**WHAT NEEDS TO BE DONE:**
Please set down each of the lines below once more, exactly, omitting all pictures.

**INFORMATION SUPPLIED:**
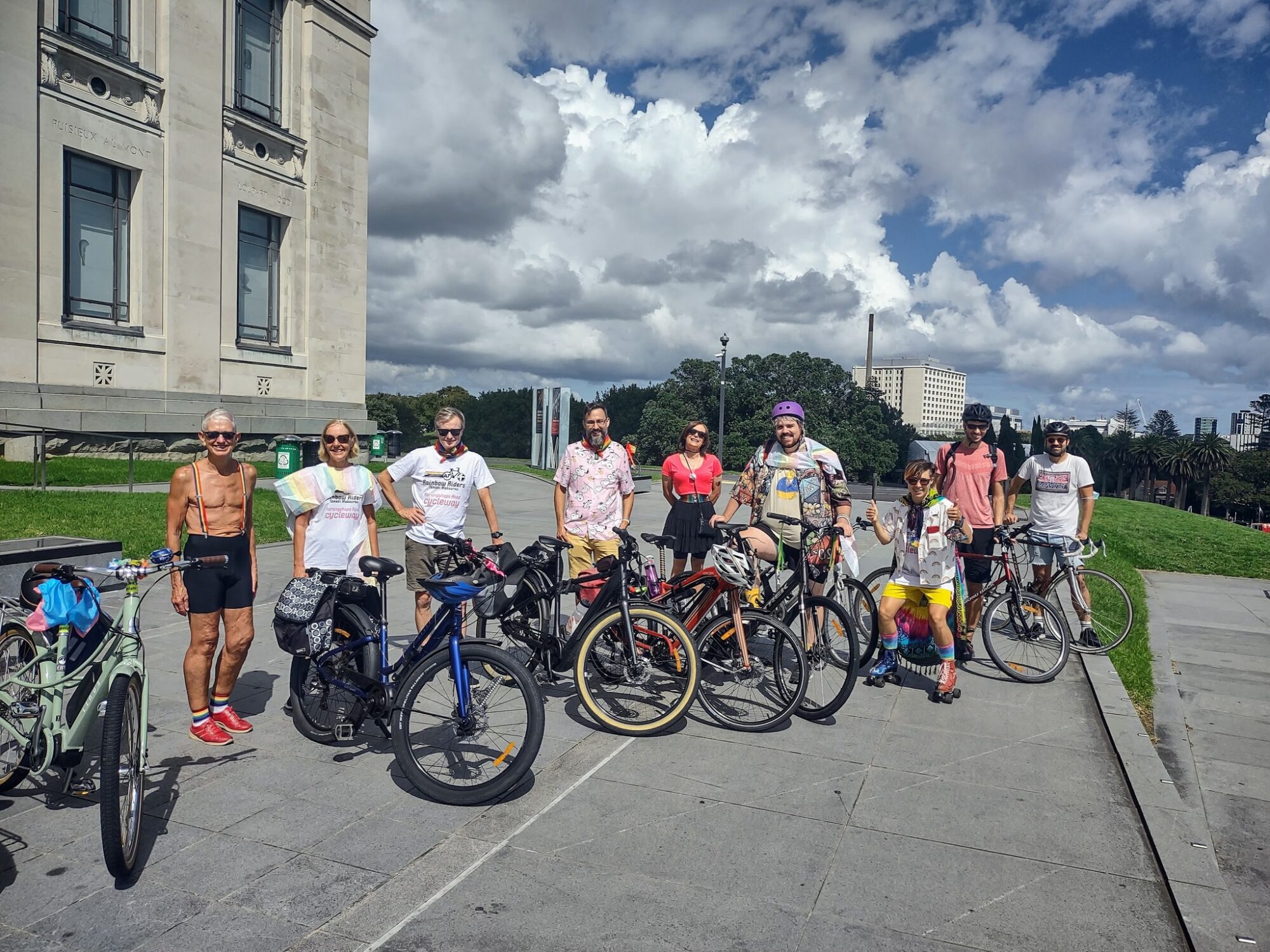 A group of people with their bikes, wearing rainbow attire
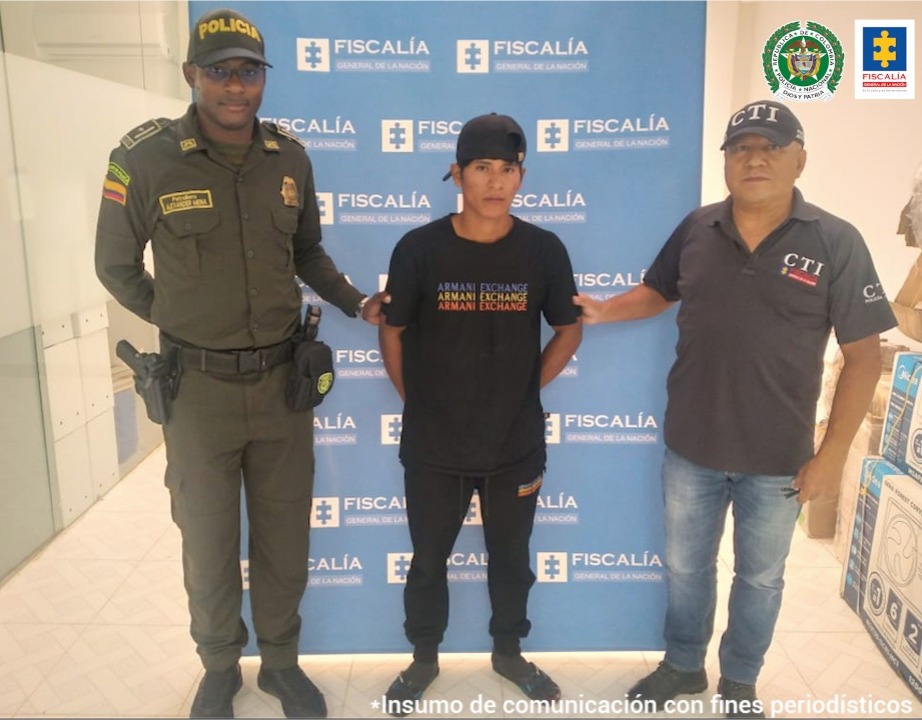 El capturado aparece frente a un banner de la Fiscalía. A cada lado tiene personal del CTI de Fiscalía y de la Policía.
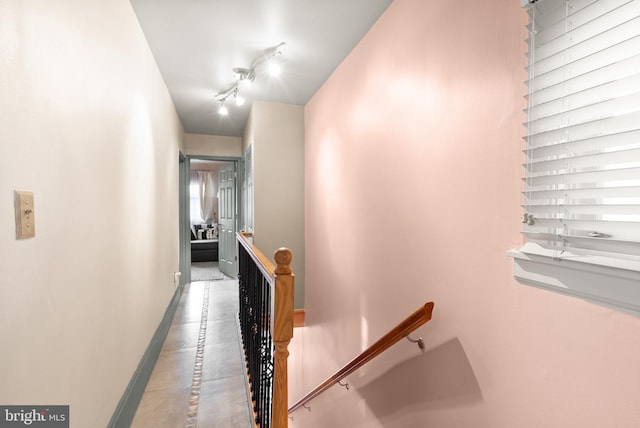 2515 17th St NE, Washington, DC 20018 - corridor featuring an upstairs landing, inlaid floor details, and tile patterned floors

**RESULT FOR THIS EXERCISE:**
 A group of people with their bikes, wearing rainbow attire
 El capturado aparece frente a un banner de la Fiscalía. A cada lado tiene personal del CTI de Fiscalía y de la Policía.
 2515 17th St NE, Washington, DC 20018 - corridor featuring an upstairs landing, inlaid floor details, and tile patterned floors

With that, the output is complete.